While not as strong as other private asset classes, unlisted natural resources, such as agriculture, timber, and energy, look to be picking up thanks to the growing popularity of environmental, social, and governance (ESG) investments.
In general, natural resources funds from 2005 had median net returns of 2.7% annually, and stayed relatively low until 2015, when they returned 15%, data firm Preqin reported.
The 2015 funds saw a higher return than the buyout funds (13%). Typically, the buyout performance is better than that of unlisted natural resources, which recently also have outpaced venture capital (8.6%) and infrastructure funds (9%). Asset growth in the class grew from $520 billion to $563 billion in the first nine months of 2017. In December, 79% of investors said natural resources investments had either met or exceeded expectations in the past year, according to a Preqin survey.

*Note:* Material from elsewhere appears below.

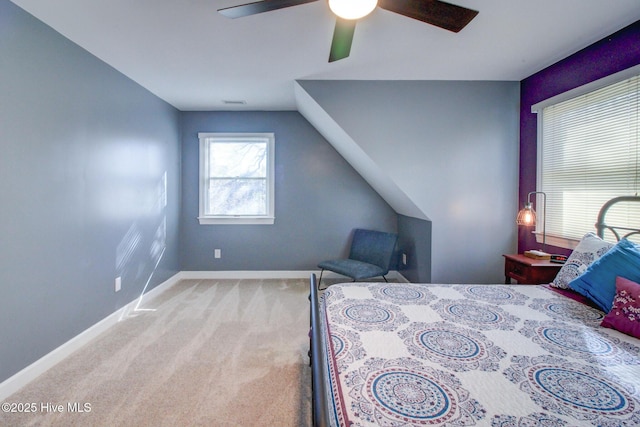 bedroom featuring a ceiling fan, carpet flooring, and baseboards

Patrick Adefuye, head of Preqin’s real assets products division, called the research “an encouraging sign” for the industry. “Unlisted natural resources funds could also be viewed as a safer route for investors, because although unlisted fund performance is impacted by changes in oil prices, it is more insulated from short-term volatility than listed fund returns.”

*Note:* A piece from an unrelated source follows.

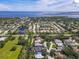 An aerial shot of the property surrounded by lush green vegetation, serene ponds and mature landscaping at 1508 86Th Nw Ct, Bradenton, FL 34209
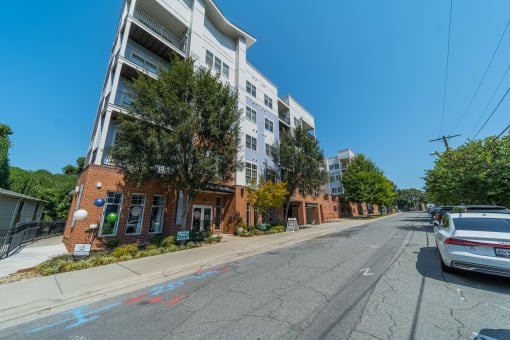 a street view of an apartment building on a city street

The high point for natural resources in Preqin’s performance index was 136 in September 2014. It fell slightly in December that year, but regained traction in June 2016 and shot up to 133 points last September.
Oil, on the other hand, has been losing ground since 2014. The S&P Global Index TR fell that that year, and while it has recovered, it is only at 87 points in September. In 2007, it was at 100, says Preqin.
Dry powder was also on the decline in the 2005-2014 timeframe, slipping from $201 billion to $192 billion across the asset owner industry.